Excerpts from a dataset
**********

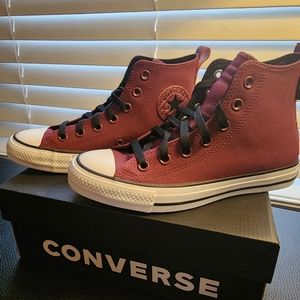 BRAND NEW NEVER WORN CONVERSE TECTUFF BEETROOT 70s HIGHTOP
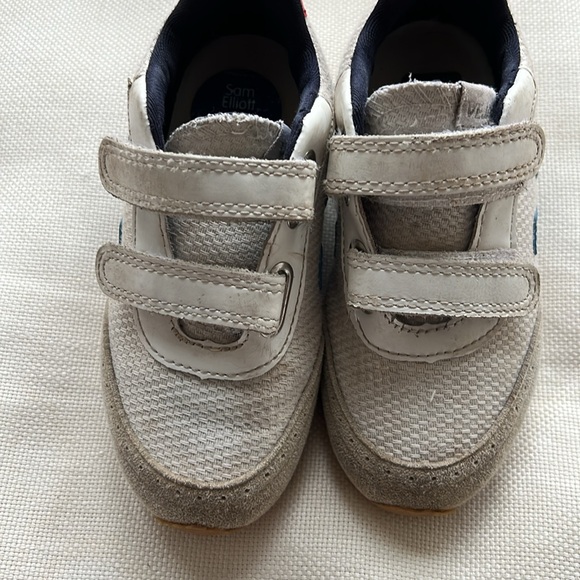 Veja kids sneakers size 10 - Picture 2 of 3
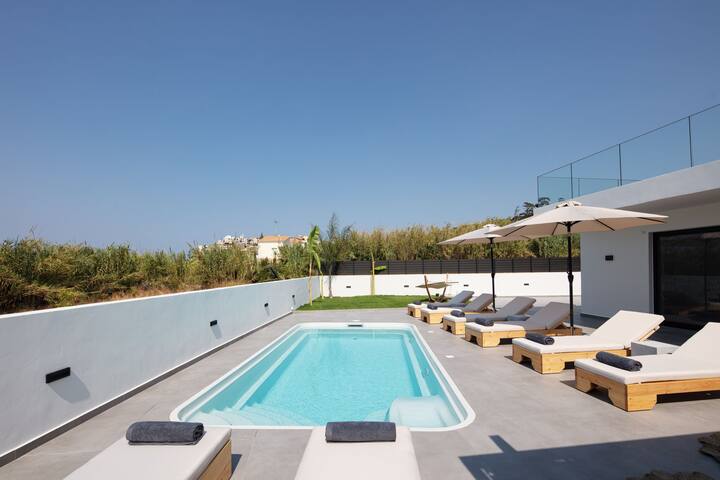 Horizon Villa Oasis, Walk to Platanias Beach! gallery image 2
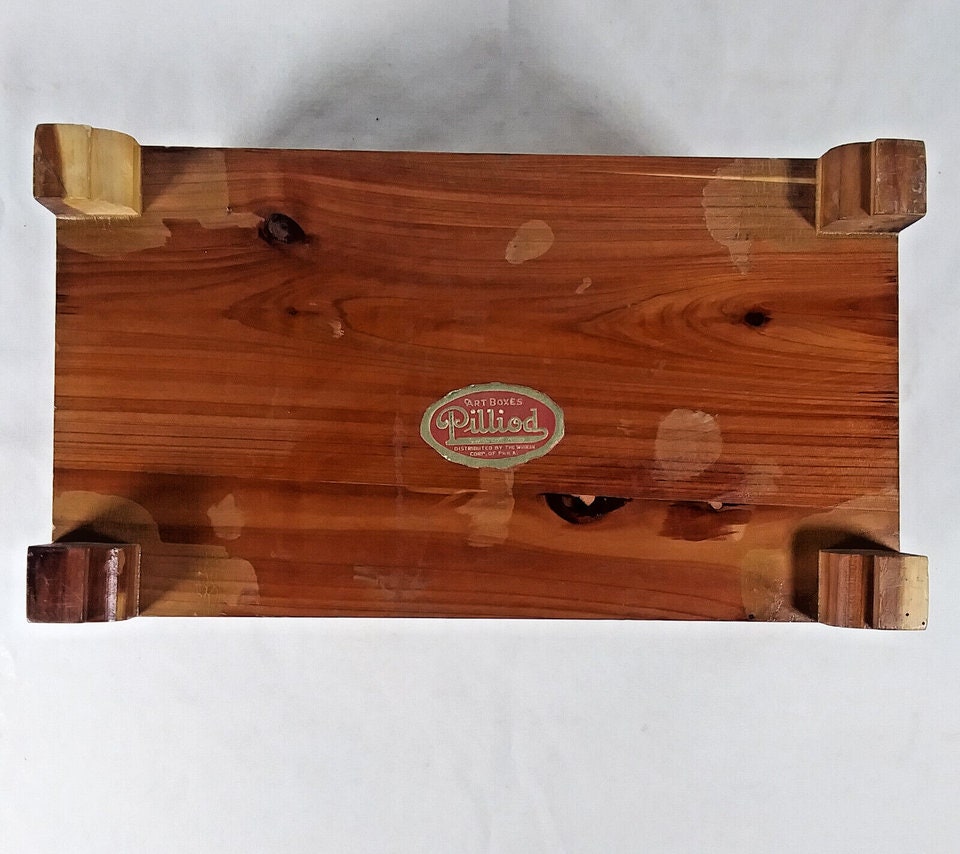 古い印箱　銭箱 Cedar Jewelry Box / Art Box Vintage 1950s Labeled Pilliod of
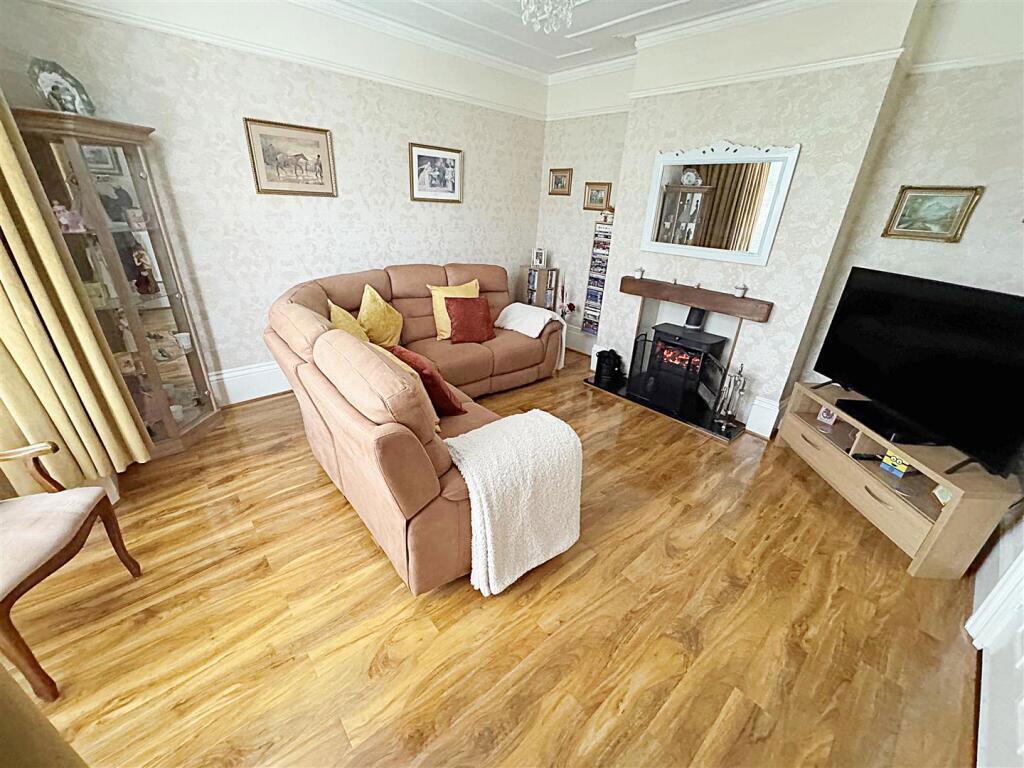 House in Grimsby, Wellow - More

**********

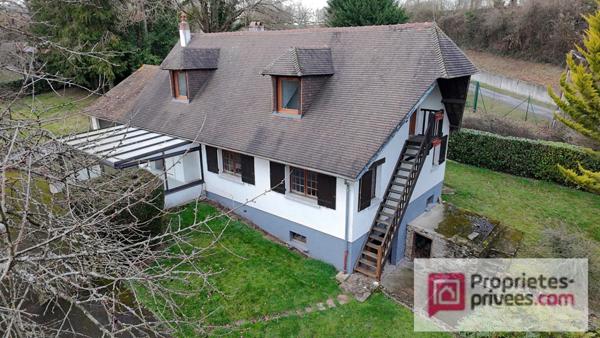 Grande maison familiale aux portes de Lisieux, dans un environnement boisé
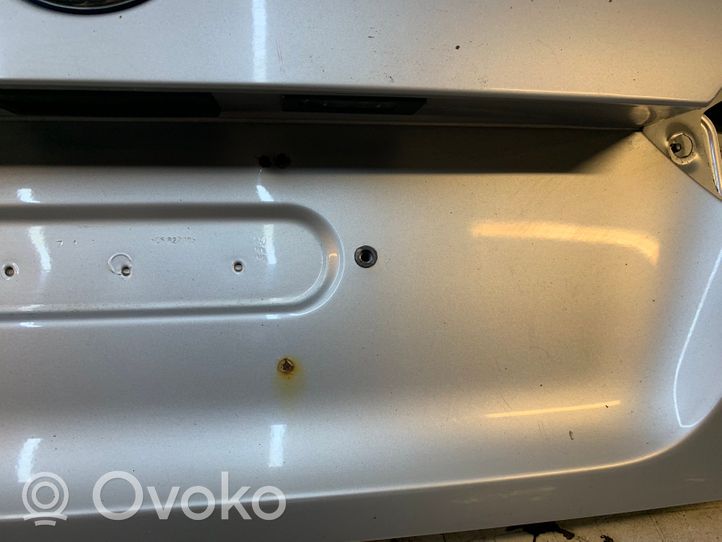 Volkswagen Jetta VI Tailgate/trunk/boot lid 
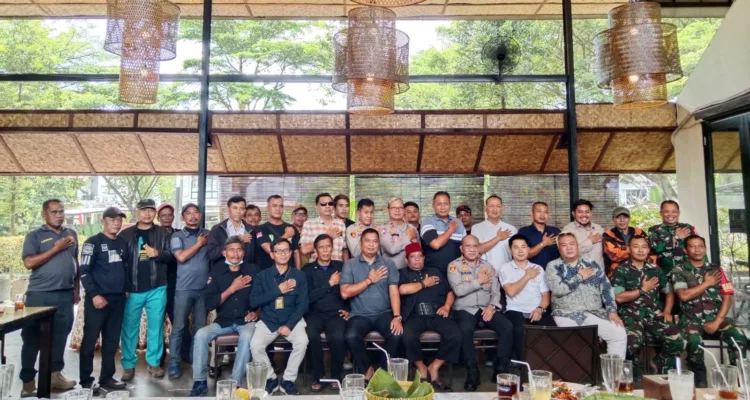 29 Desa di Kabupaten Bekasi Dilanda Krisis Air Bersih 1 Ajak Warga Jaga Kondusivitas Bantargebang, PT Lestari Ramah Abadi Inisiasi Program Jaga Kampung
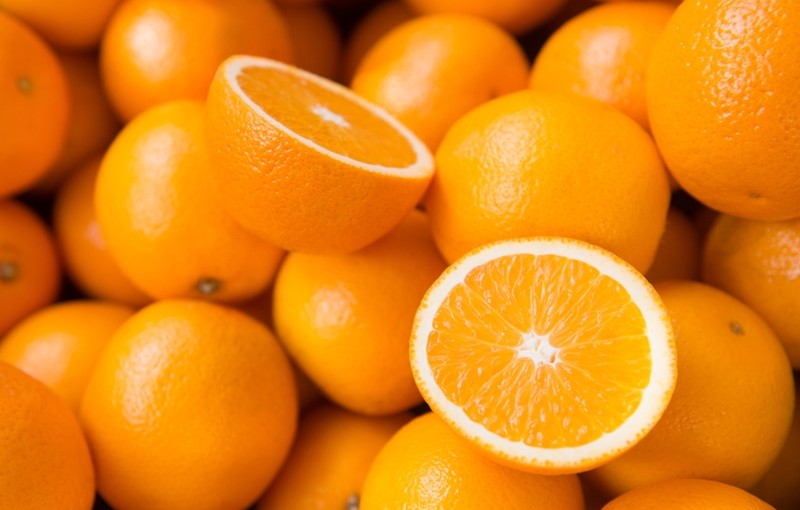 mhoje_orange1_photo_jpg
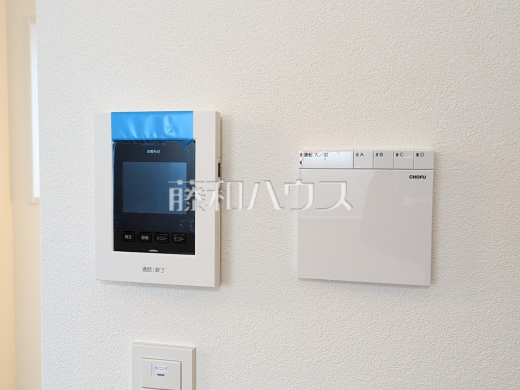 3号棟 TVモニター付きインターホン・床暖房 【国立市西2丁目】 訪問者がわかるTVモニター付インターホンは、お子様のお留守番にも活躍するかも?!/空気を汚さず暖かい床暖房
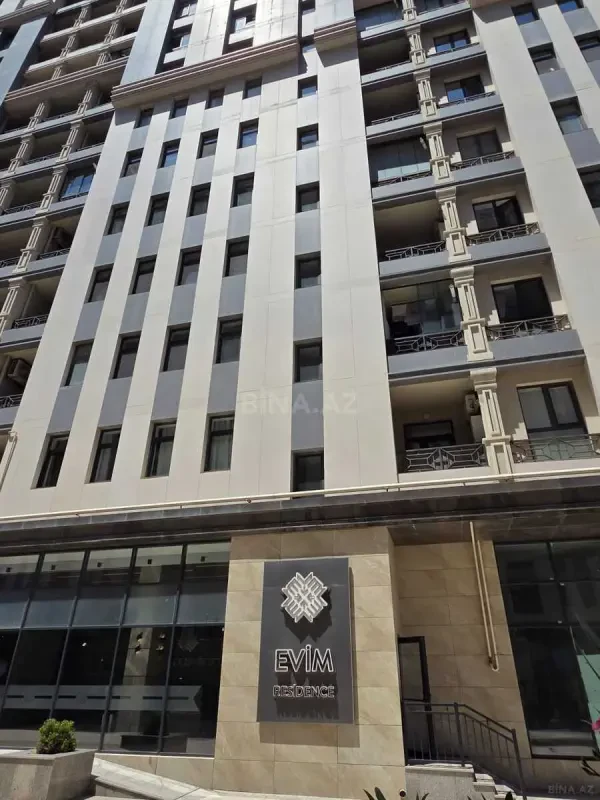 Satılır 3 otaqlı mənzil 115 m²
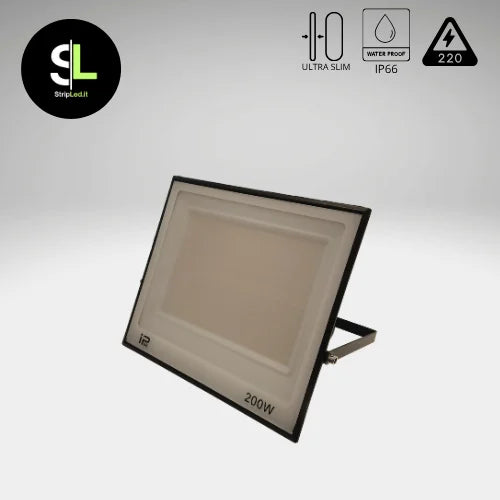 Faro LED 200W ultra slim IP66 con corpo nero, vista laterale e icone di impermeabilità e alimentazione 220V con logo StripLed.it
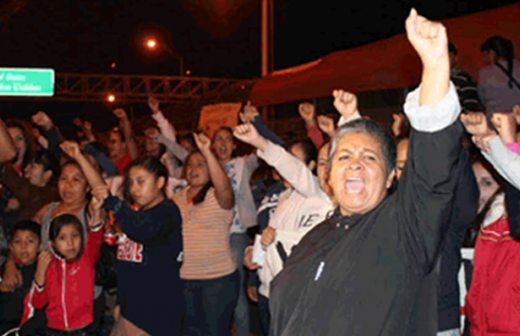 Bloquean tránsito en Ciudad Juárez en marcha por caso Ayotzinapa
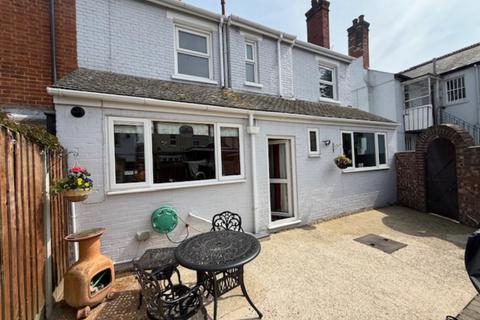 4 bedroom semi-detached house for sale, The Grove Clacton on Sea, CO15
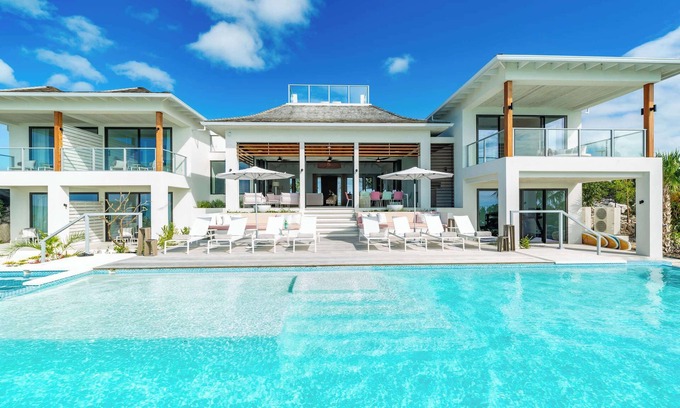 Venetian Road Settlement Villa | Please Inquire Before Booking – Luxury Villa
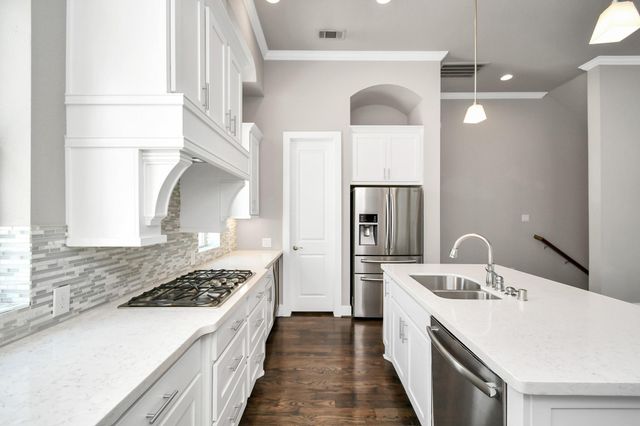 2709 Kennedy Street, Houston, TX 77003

**********

# INSTRUCTIONS FOR THE TASK
With pictures excluded, reproduce exactly the lines above from the one containing "Volkswagen Jetta VI Tailgate/trunk/boot lid" down to the one containing "2709 Kennedy Street, Houston, TX 77003", those two included.

# RESULT
 Volkswagen Jetta VI Tailgate/trunk/boot lid 
 29 Desa di Kabupaten Bekasi Dilanda Krisis Air Bersih 1 Ajak Warga Jaga Kondusivitas Bantargebang, PT Lestari Ramah Abadi Inisiasi Program Jaga Kampung
 mhoje_orange1_photo_jpg
 3号棟 TVモニター付きインターホン・床暖房 【国立市西2丁目】 訪問者がわかるTVモニター付インターホンは、お子様のお留守番にも活躍するかも?!/空気を汚さず暖かい床暖房
 Satılır 3 otaqlı mənzil 115 m²
 Faro LED 200W ultra slim IP66 con corpo nero, vista laterale e icone di impermeabilità e alimentazione 220V con logo StripLed.it
 Bloquean tránsito en Ciudad Juárez en marcha por caso Ayotzinapa
 4 bedroom semi-detached house for sale, The Grove Clacton on Sea, CO15
 Venetian Road Settlement Villa | Please Inquire Before Booking – Luxury Villa
 2709 Kennedy Street, Houston, TX 77003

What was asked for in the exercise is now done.